Iron Ore-Prices steady, China sees limited impact from cutbacks

Asian iron ore spot prices were little changed on Wednesday, with the Steel Index benchmark languishing at near seven-week lows as the demand outlook remained hazy. Upcoming public holidays in China, the biggest buyer of the steelmaking ingredient , also limited activity in both the physical and forward swaps markets. Chinese markets are shut on Sept. 22-24 for the Mid-Autumn Festival and on Oct. 1-7 for the National Day holiday. "The market is quiet ahead of the Chinese holidays, not much going on," said Destiny Guo, an iron ore physical and derivatives broker at London Dry Bulk in Hong Kong.
The Steel Index 62 percent iron ore benchmark .IO62-CNI=SI stood at $139.20 a tonne at the end of trade on Tuesday, nearly flat from Monday's $139.30 and the lowest since July 30. Indian ore with 63.5 percent iron content was quoted at $146 to $148 a tonne, including freight on a landed China basis, on Wednesday, unchanged from Tuesday, Chinese industry consultant Mysteel said. The offers were down from last week's, which ranged between $147 and $152. "Quotations keep falling and I don't hear any deals," said an iron ore trader in Hangzhou in southern China. "We're considering buying some cargo and stocking it in the ports and waiting for the price to recover. We think the price will recover when the restriction on electricity use is over," he said, adding that he is looking for an offer below $145 for 63.5 grade Indian ore.
China, the world's biggest steel producer and consumer, reiterated it will produce a record 620-630 million tonnes of crude steel this year, the same estimate it made in July, suggesting recent efforts to trim output would have a limited impact on production. "There is little chance that China's steel sector will see a significant change in demand in coming months," Luo Tiejun, deputy head of the raw materials branch of China's Ministry of Industry and Information Technology, told a conference in Shanghai.
China has either shut down or ordered steel mills, mainly in the steel production hub of Hebei province, to trim output by up to 70 percent as it rushes to meet a five-year energy efficiency target, due in 2010. Beijing's cutbacks had raised worries that demand for iron ore would slow during the usually peak September-October period. The prospect of tighter supplies in coming months has prompted Chinese steelmakers to raise prices, with industry leader Baoshan Iron & Steel saying on Tuesday it will raise prices of key steel products by up to 8 percent for October.
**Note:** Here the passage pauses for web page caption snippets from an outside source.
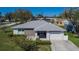 Charming single-story home with a well-maintained front yard and attached one-car garage in a quiet neighborhood at 4085 105Th N Ave, Clearwater, FL 33762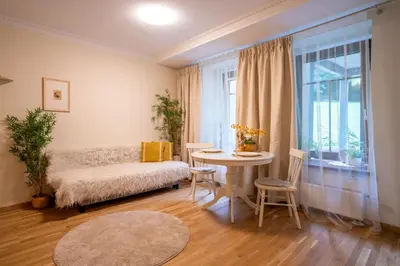 a living room with a couch and a table at Cozy Suite Roomita in Vilnius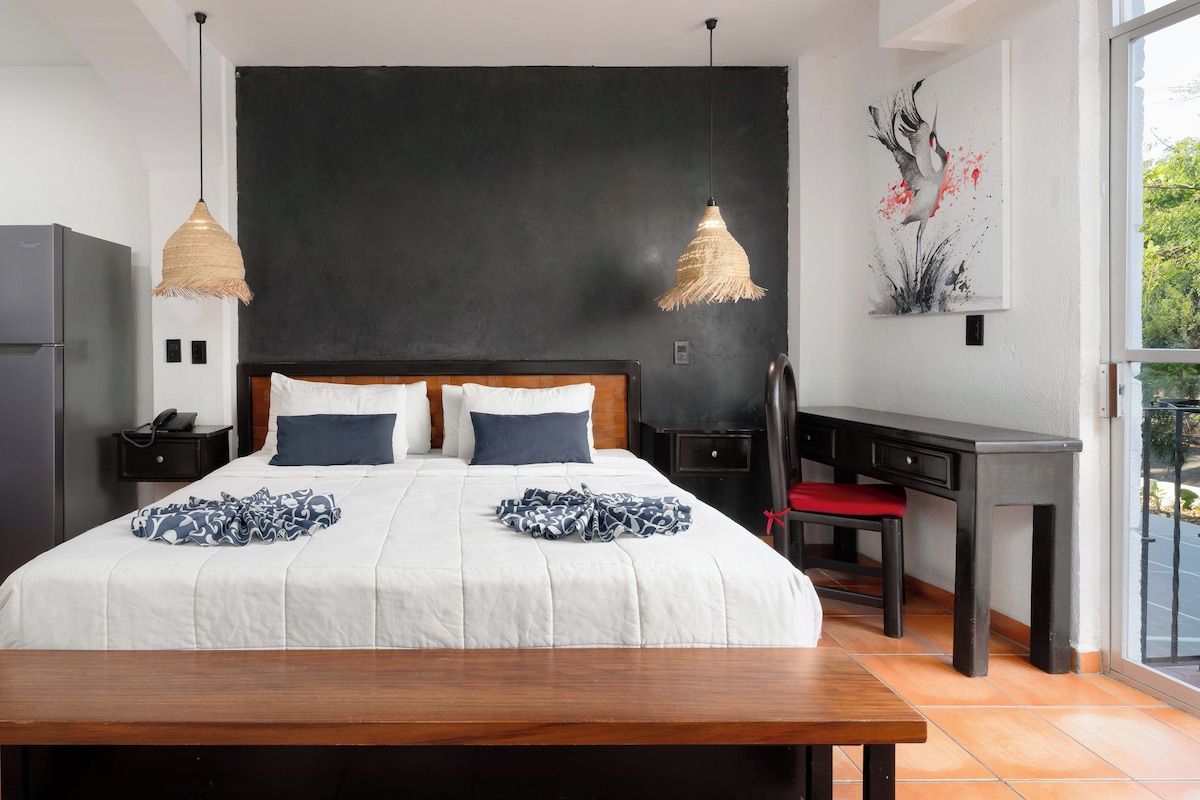 A modern hotel room with a large bed, two bedside tables, a desk, and a kitchenette.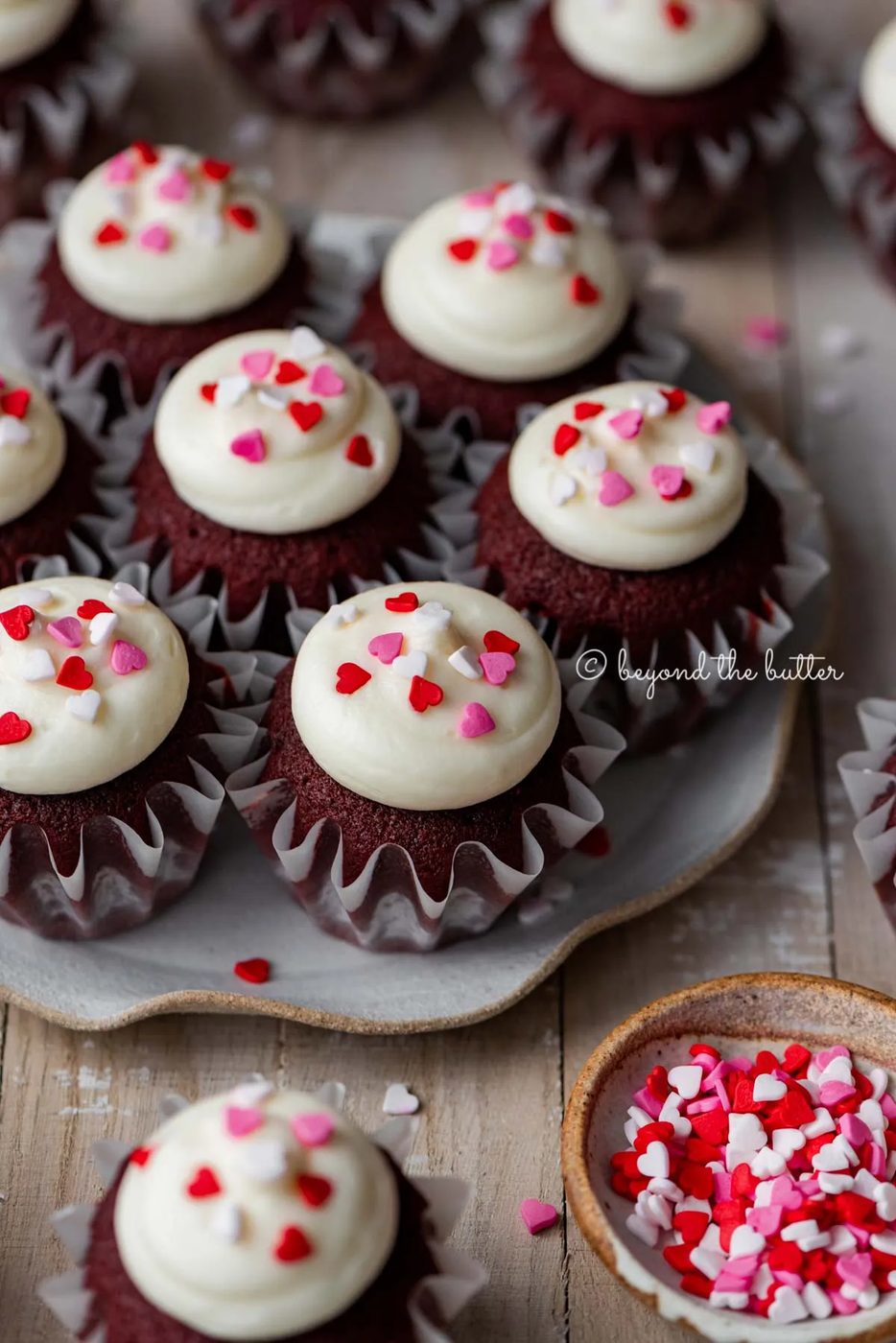 Dessert plate with house-made red velvet cupcakes with cream cheese frosting topped with heart sprinkles on a light wood background | All images © Sovuh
India, a major supplier to China, said its iron ore output and exports will fall by a quarter in the year to March because of a government crackdown on illegal mining and a continuing ban on exports by the southern Karnataka state.
India is the world's third-largest exporter of iron ore. On forward swaps, the October contract SGXIOc2 cleared by the Singapore Exchange dropped $1 to $130.50 a tonne on Tuesday, reflecting the weakness in the physical market. Traded volume for all 24 months was a lean 80 lots, or 40,000 tonnes.